The robotics team from the Florida Institute for Human and Machine Cognition (Team IHMC) is “teaching” the humanoid Atlas robot how to perform common human housework and chores. It is proving quite difficult – even for the incredibly intelligent team members that earned second place in the 2015 Darpa Robotics Challenge.

Atlas is what is known as a semi-autonomous system. The robot’s operator directs the robot where to be and what position it should take, such as where to place its hands on a vacuum cleaner. Then, the humanoid robot determines a plan of how to accomplish that task. For some tasks, Atlas’s actions are human-like and logical. Other tasks and chores require a re-thinking of how to complete the job in a manner that is very different from the way a person would perform the action.

A robot operator at IHMC, John Carff, said that, “It takes a lot of patience and out-of-the-box thinking to be a robot operator. When you approach a task or situation you’ve never seen before, you need to think of as many different ways of completing that task as you can and figure out what approach would be best for the robot. Many of the tasks Atlas performs are done a lot differently than a human would do the same task.”

One example of this is a humanoid robot’s actions of using a jack to move a pallet. A human has the coordination and thought process to stop the jack from rolling backwards or forward when pushing the handle to lift the pallet.
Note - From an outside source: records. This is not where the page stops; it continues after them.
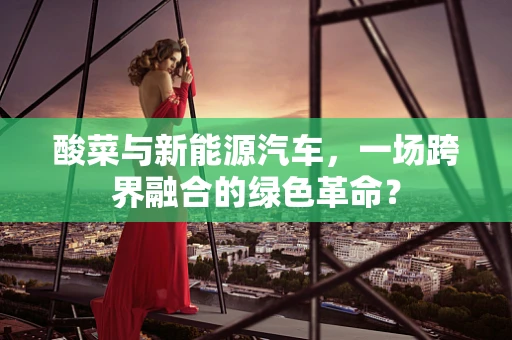 酸菜与新能源汽车，一场跨界融合的绿色革命？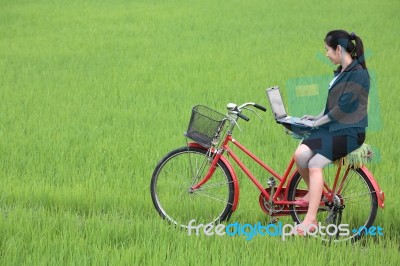 Business Girl In Paddy Field Stock Photo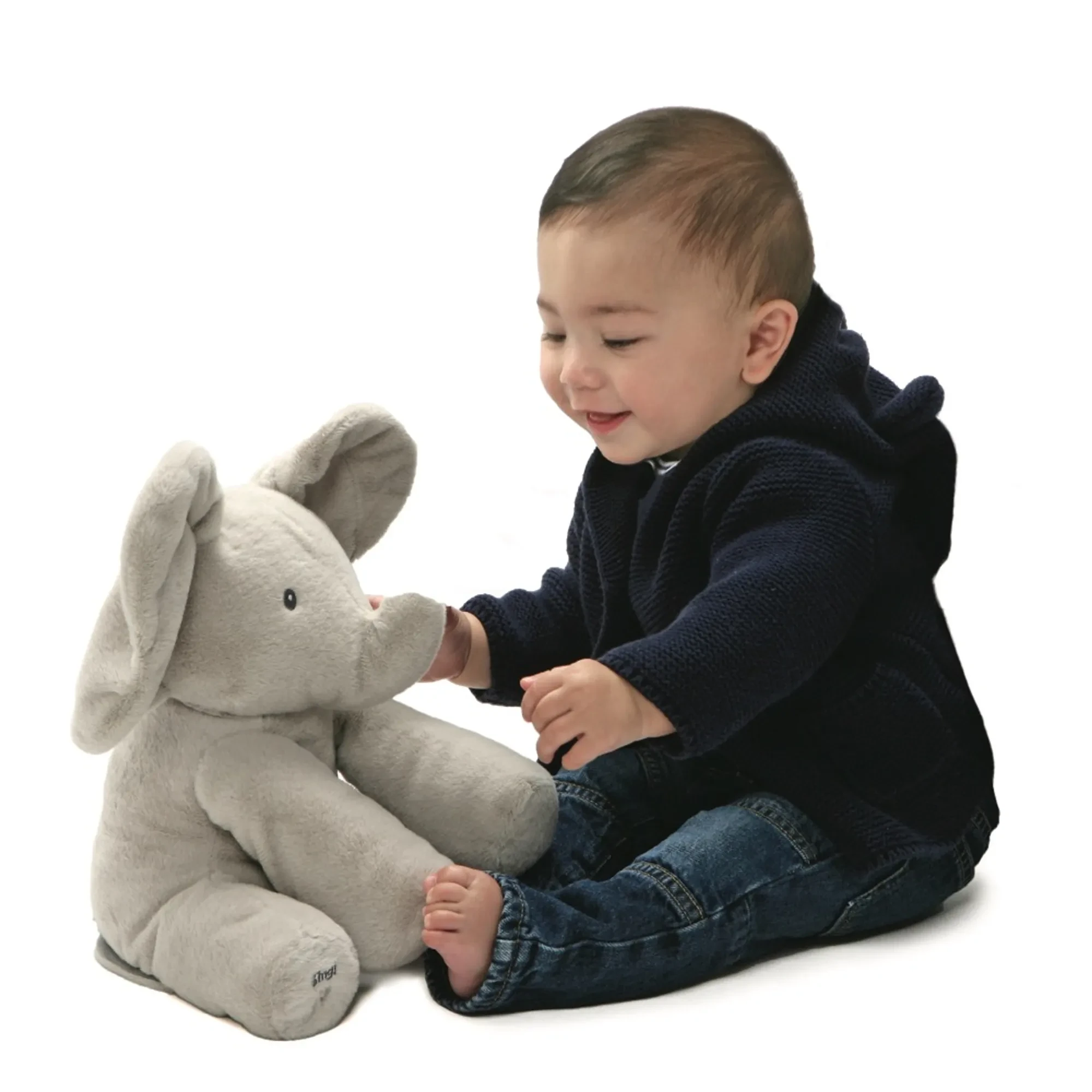 Elephant Moving Ears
However, Atlas needed to approach the task from the side of the jack, and it used its foot to stop the jack from moving forward as the pallet was raised.

For Team IHMC, the whole exercise was a great way of testing new code and algorithms beyond simply running the Robotics Challenge tasks time and time again. For the rest of the world, it means that our humanoid robot butlers will not be cleaning our houses any time soon.